AVAILABLE DATA:
____

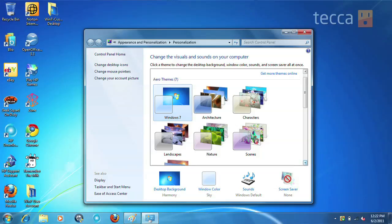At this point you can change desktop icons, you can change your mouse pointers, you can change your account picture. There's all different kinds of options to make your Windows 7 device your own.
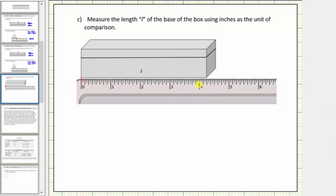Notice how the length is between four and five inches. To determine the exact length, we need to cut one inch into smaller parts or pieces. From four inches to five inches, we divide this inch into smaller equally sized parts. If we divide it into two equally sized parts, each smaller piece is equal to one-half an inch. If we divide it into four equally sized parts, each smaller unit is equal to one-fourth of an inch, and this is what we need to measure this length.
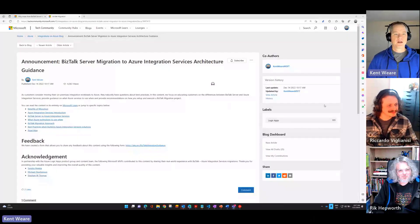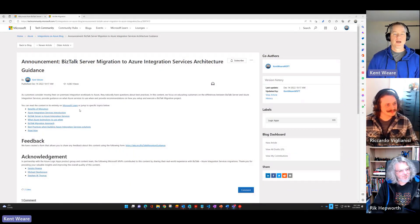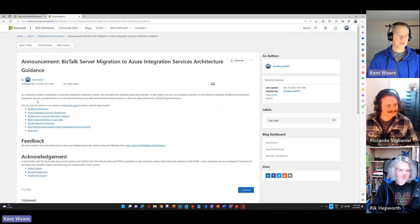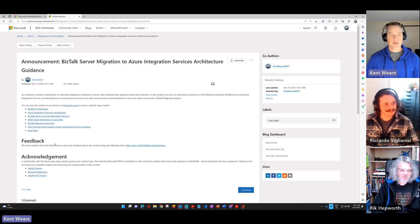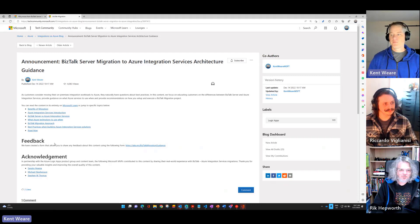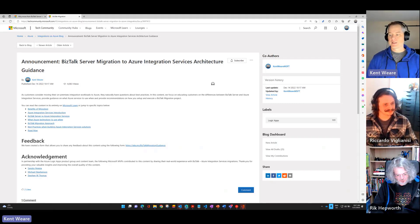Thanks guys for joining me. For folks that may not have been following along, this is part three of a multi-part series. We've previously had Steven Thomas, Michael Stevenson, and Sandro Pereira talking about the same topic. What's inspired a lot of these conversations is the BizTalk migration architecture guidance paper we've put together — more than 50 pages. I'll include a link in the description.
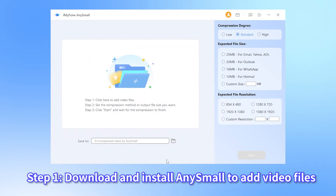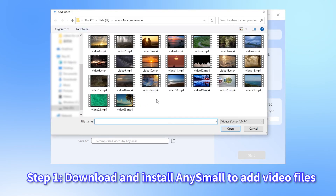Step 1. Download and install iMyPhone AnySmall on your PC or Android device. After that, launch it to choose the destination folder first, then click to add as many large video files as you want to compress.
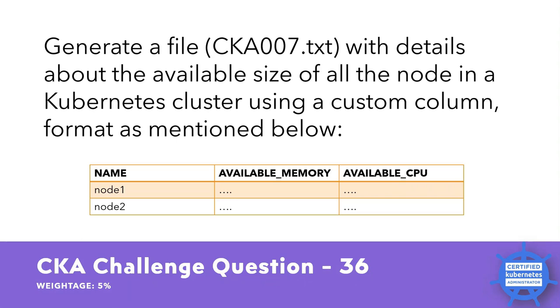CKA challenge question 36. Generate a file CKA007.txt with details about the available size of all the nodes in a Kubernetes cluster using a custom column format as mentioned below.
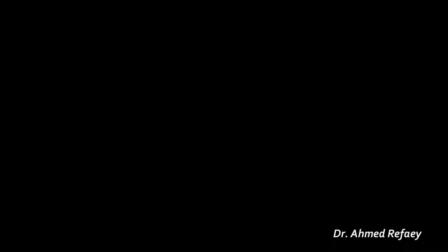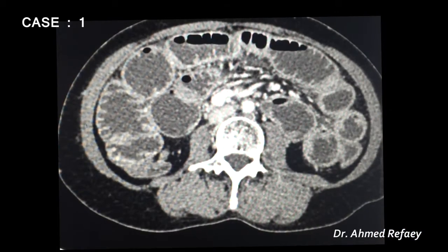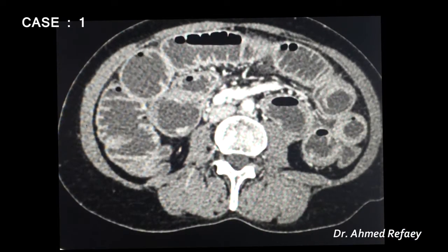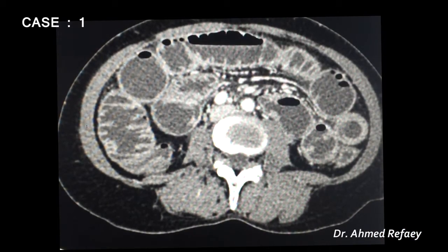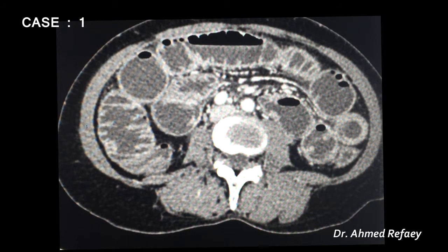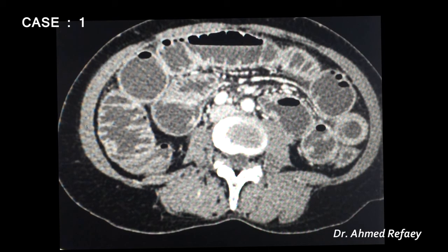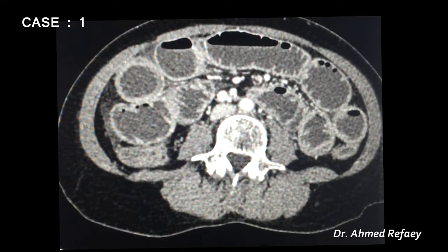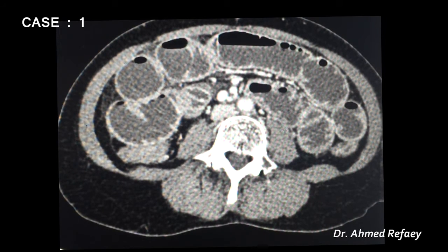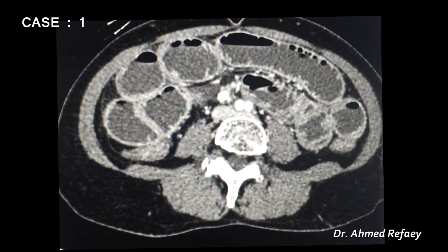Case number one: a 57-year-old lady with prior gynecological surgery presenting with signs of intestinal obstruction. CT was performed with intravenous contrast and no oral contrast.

____

TASK REQUIREMENTS: Write out again, exactly, each line from the one containing "Step 1. Download" through the last line of the entries, and omit every picture.

ANSWER BOX:
Step 1. Download and install iMyPhone AnySmall on your PC or Android device. After that, launch it to choose the destination folder first, then click to add as many large video files as you want to compress.
CKA challenge question 36. Generate a file CKA007.txt with details about the available size of all the nodes in a Kubernetes cluster using a custom column format as mentioned below.
Case number one: a 57-year-old lady with prior gynecological surgery presenting with signs of intestinal obstruction. CT was performed with intravenous contrast and no oral contrast.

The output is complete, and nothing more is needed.